▶ BRIEF:
All of the data is to be printed exactly, though the images must be left off.

▶ MATERIAL FOR THE TASK:
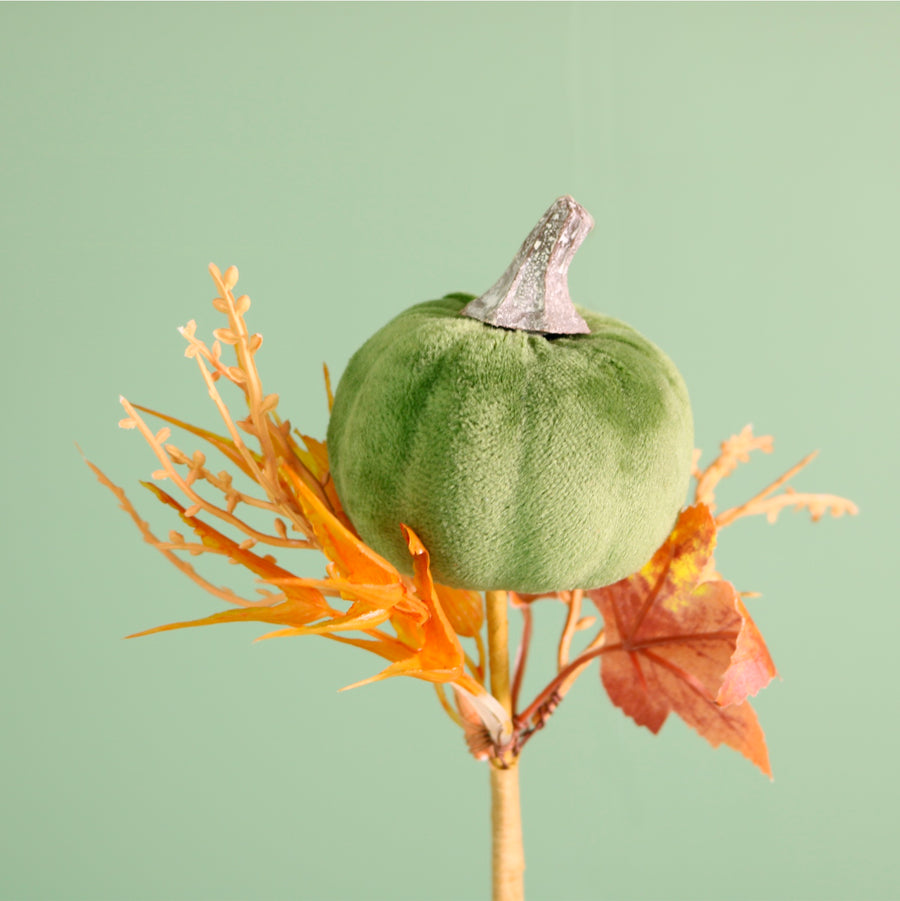 Autumn Wild Velvet Pumpkin (medium)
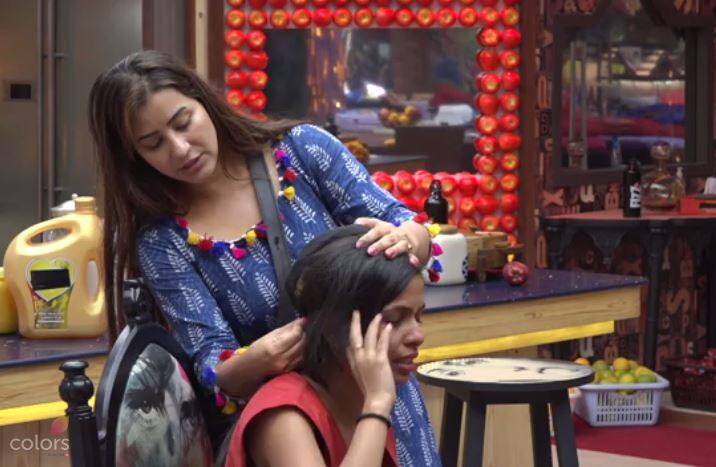 ढिंचैक पूजा के घर में जाने के बाद रेड टीम के सदस्यों की संख्या ब्लू टीम से कम हो गई और वह यह टास्क हार गई. हिना खान ने आरोप लगाया है कि ढिंचैक पूजा की वजह से हम लोग टास्क हार गए हैं. वहीं घर के अंदर जाने के बाद ढिंचैक पूजा ने रोते हुए शिल्पा शिंदे से कहा, ''कल रात से ही मेरी तबीयत खराब हो रही थी. मैंने कहा भी था कि मुझे घर में जाने दिया जाए. लेकिन अब ये लोग मुझपर ऐसे ताने मार रहे हैं.''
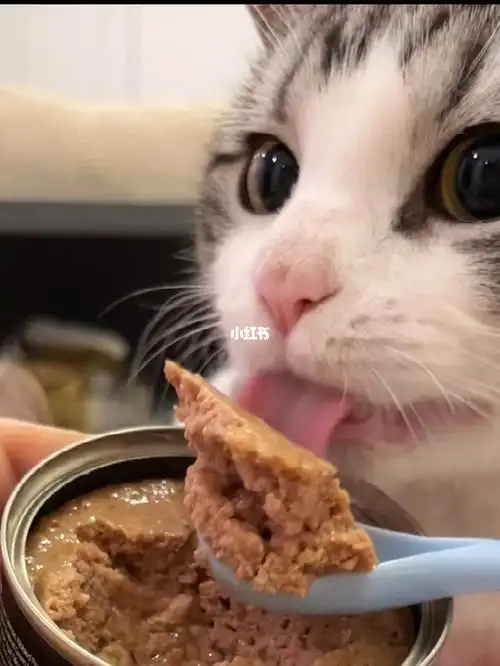 罐头骗水大法话说看猫吃罐头可太治愈啦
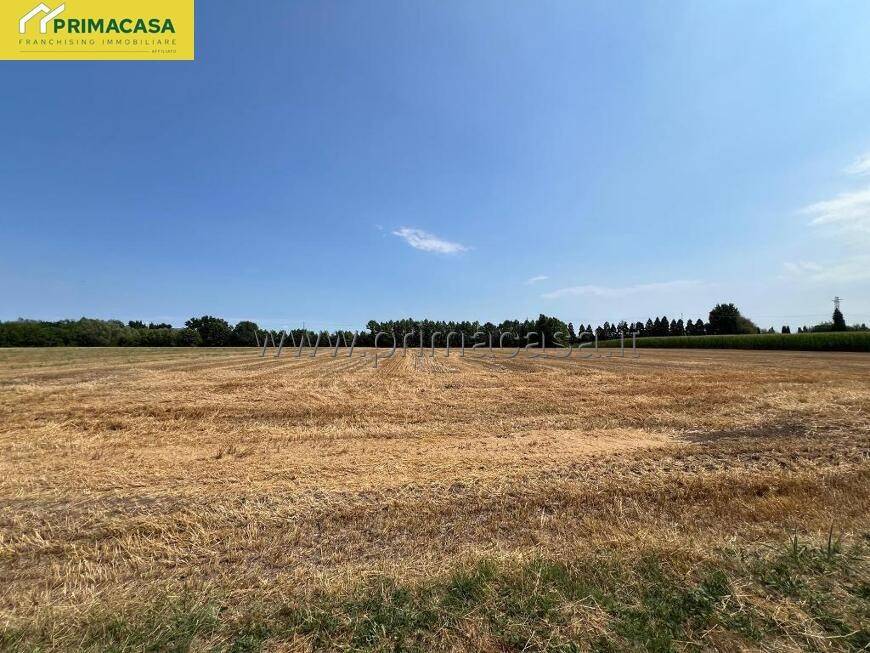 Rustico / casale a Pressana in VIA CARBON, 76 - Foto 5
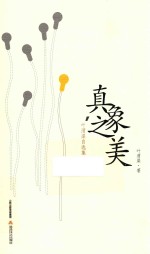 真象之美  叶渭渠自选集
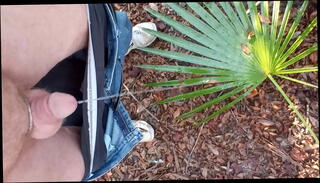 Video 1473638405: tiny piss, small penis pissing, pissing outdoors, pee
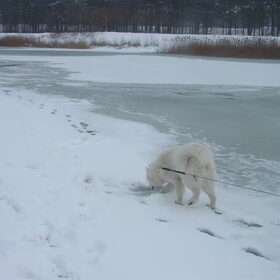Kynai in de sneeuw :)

▶ ANSWER TO THIS PROBLEM:
 Autumn Wild Velvet Pumpkin (medium)
 ढिंचैक पूजा के घर में जाने के बाद रेड टीम के सदस्यों की संख्या ब्लू टीम से कम हो गई और वह यह टास्क हार गई. हिना खान ने आरोप लगाया है कि ढिंचैक पूजा की वजह से हम लोग टास्क हार गए हैं. वहीं घर के अंदर जाने के बाद ढिंचैक पूजा ने रोते हुए शिल्पा शिंदे से कहा, ''कल रात से ही मेरी तबीयत खराब हो रही थी. मैंने कहा भी था कि मुझे घर में जाने दिया जाए. लेकिन अब ये लोग मुझपर ऐसे ताने मार रहे हैं.''
 罐头骗水大法话说看猫吃罐头可太治愈啦
 Rustico / casale a Pressana in VIA CARBON, 76 - Foto 5
 真象之美  叶渭渠自选集
 Video 1473638405: tiny piss, small penis pissing, pissing outdoors, pee
Kynai in de sneeuw :)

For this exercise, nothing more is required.